On October 9, 2013, a federal district court dismissed all of the legal claims raised against four online advertising companies in 25 putative class action cases consolidated as In Re Google Inc. Cookie Placement Consumer Privacy Litigation. The cases alleged that consumer plaintiffs’ Safari browsers were set to block third-party cookies, but that code embedded in the  defendants’  advertisements  enabled  them to place third-party cookies on the plaintiffs’ devices. The consolidated complaint charged the defendants with violations of three federal statutes: the Electronic Communications Privacy Act (or “Wiretap Act”), the Stored Communications Act (“SCA”), and the Computer Fraud and Abuse Act (“CFAA”). Plaintiffs also alleged violations of several California state laws against one of the defendants.

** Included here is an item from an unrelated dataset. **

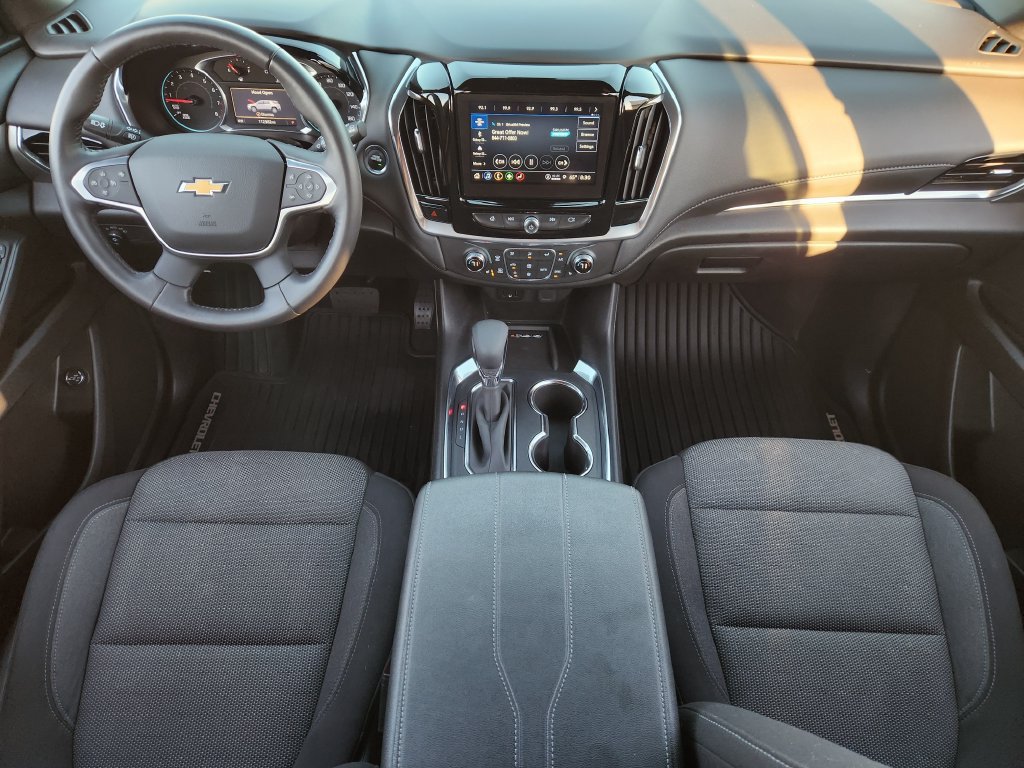 Used 2022 Chevrolet Traverse LT FWD image 24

The Court, consistent with previous federal decisions involving the use of browser cookies, first held that the plaintiffs lacked standing to bring suit because they failed to allege that they had been injured. The Court found that, even if the defendants had collected plaintiffs’  personally identifiable information via cookies, this would not establish that plaintiffs were thereby deprived of the value of the information. The Court went on to reject  plaintiffs’ arguments that they had standing  based  on  defendants’ alleged violations of their privacy rights protected by the Wiretap Act, SCA, CFAA, and California state laws. In a detailed decision, the Court ruled that the defendants’ alleged cookie practices did not violate any of these laws.